Затем дошла очередь до моей птичницы. Тоже, видать, наловчилась читать речи. Без запинки чешет: и про связь наших трудовых коллективов — театра и птицефермы, и про наше распрекрасное соревнование инкубатора и театра, обещает в конце речи дать яиц и птицы, если мы в ответ дадим больше хороших спектаклей. И тут в разгар моей распрекрасной речи начинает птичница куда-то… ехать.

За ней трогается и стол с президиумом.

В безумии птичница продолжает речь — и уезжает в кулису. За ней в кулису исчезает все торжественное заседание. А к нам, к зрителям, вместо того стола заседаний выезжает совсем новый — гигантский стол, уставленный яствами. Зал замер, а стол с яствами остановился и стоит себе.

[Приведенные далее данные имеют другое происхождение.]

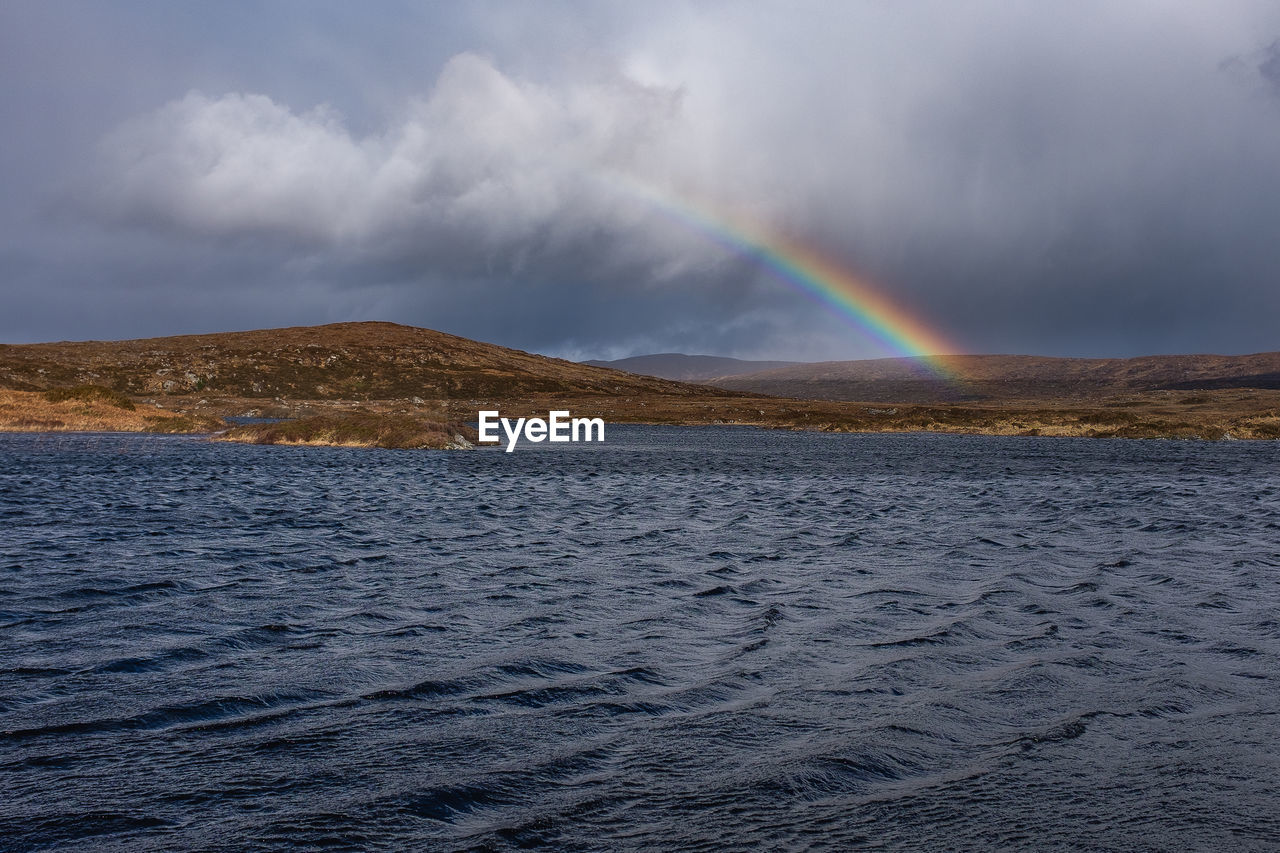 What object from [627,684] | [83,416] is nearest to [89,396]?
[83,416]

Никто в зале не знает, что делать. Может, аплодировать надо, а может, наоборот, молчать? Молчим на всякий случай. А стол все стоит: на нем выпивка, закуски, а вокруг — пустые стулья. Жуткое дело мираж! Я близко сидел — и севрюгу видел, и лососинку, и икру, даже цвет икры различил: красный и черный. Всем насладился!

А в зале по-прежнему тишина. Из-за занавеса птичница мой текст чешет — то ли со страха, то ли вконец обезумела.

А я в креслице удобно так устроился и любуюсь себе столом. Надо же увидеть такой натюрморт: икорка поблескивает, лососинка с балычком свет источают, бутылки водки с этикетками импортными — стройные, элегантные…

Потом выяснилось, что это один молодой человек переусердствовал: он кулисы обследовал и рукоятку увидел. Спросил: «Для чего?» Ему толком объяснили: это рукоятка поворотного круга. А он дотошный: решил проверить — и нажал!.. И пошел наш театральный круг. Хотя другие товарищи говорили, что все было иначе: просто пьяный машинист сцены в люке своем заснул. А когда проснулся, увидел стол — и показалось ему, что он с ума сошел. Вот он рукоятку-то и врубил. А мне все равно. Главное, я все это воочию увидел. И считаю это большим счастьем, как и всякую встречу с истинной любовью.